Here’s something for you to chew on.No Yukon-based Kaska First Nation has signed a land claim agreement with Ottawa.

Here’s something for you to chew on.

No Yukon-based Kaska First Nation has signed a land claim agreement with Ottawa.

In fact, collectively, they are suing the federal government, a move that immediately puts the kibosh on any further talks with Ottawa.

With no land claim, the First Nations remain wards of Indian Affairs.

It is an untenable state of affairs.

Since the ‘90s, the Kaska have strong-armed millions from the Yukon government by threatening to derail development in the resource-rich southeast.

The region is the territory’s breadbasket. Rich in base metals, gas, trees, tourism opportunities — it has it all.

And successive Yukon governments have tried, with little success, to tap its wealth.

On the eve of the territorial election in 2000, with input from then-backbencher Dennis Fentie (though he now denies it), Piers McDonald’s NDP government gave the Kaska its portion of the Kotaneelee royalty fund, monies that were supposed to be held in trust until the First Nation signed its land claim.

McDonald and Fentie wanted to get some action going in the southeast.

But it didn’t work.

Fentie was elected, but McDonald’s government lost.

And the decision to hand over the royalty cheque early removed a strong incentive for Kaska leaders to sign land claim agreements.

As premier, one of Fentie’s first decisions was to appoint Allen Edzerza, the Kaska’s former chief of negotiations, to tackle government-to-government relations with First Nations.

Again, Fentie wanted some action in the southeast.

Edzerza’s first move was to draft the now-lapsed bilateral agreement with the Kaska. It was a historic givaway that essentially handed the Kaska people control over their traditional territory, something that all First Nations in the territory coveted, but which Ottawa and the territory had steadfastly refused to concede.

That one-off deal contributed to the defeat of the Carcross-Tagish First Nation land claim agreement — if the Kaska get all that, why should we settle for a sliver of settlement land, they reasoned.

It was the first such rejection in recent memory. That land claim debacle was fixed in a hastily concocted do-over election.

The Kaska sailed on merrily.

In the last three years alone, Kaska First Nations, and their related groups, received more than $2 million in grants from the Yukon government.

That’s almost $500,000 more than first estimated in 2003.

Is there any substantial development in the southeast?

No.

Can the public obtain budgets and reports showing how the money was spent?

Only by filing an access to information request, The News was told by Energy, Mines and Resources officials.

Why?

Former Liard First Nation chief Daniel Morris confined and brutally assaulted his estranged common-law wife. Charged and convicted, he was stripped of his position and sent to jail.

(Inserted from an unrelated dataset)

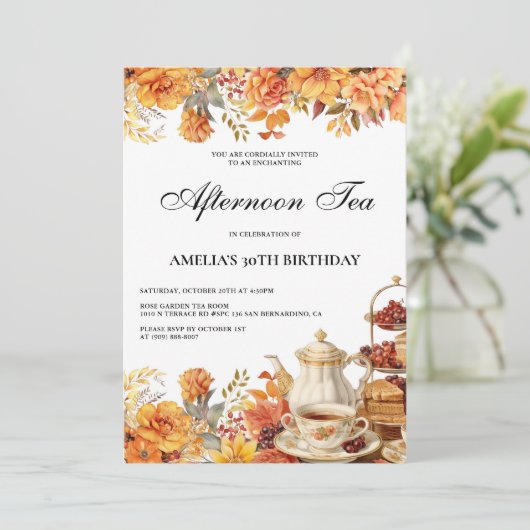 Herfst Bloemen Afternoon Tea Verjaardagsfeest Kaart (Staand voorkant)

In the aftermath of that conviction, the First Nation’s new chief, Liard McMillan, inherited an organization that was financially crippled, in spite of the generous Yukon government grants.

By all accounts, he’s trying to fix things.

Last year, McMillan instituted emergency measures to ensure the First Nation’s survival, laying off non-essential staff, suspending all travel and instituting pay cuts among remaining staff, including the chief and council.

As well, the new administration discovered that in fiscal year 2003, Morris, assorted councillors and cronies shared more than $300,000 in interest-free personal loans from band coffers during his last year as chief.

Currently, at McMillan’s request, the RCMP is conducting a criminal investigation into the First Nation’s affairs.

Neither the First Nation nor the RCMP will discuss the matter.

McMillan should be applauded for his efforts.

But this ongoing affair raises some troubling questions.

What, specifically, have the millions the territory poured into Kaska territory achieved?

Where has the money gone?

How much, if any, is missing?

With the matter under police investigation, the answers won’t come fast.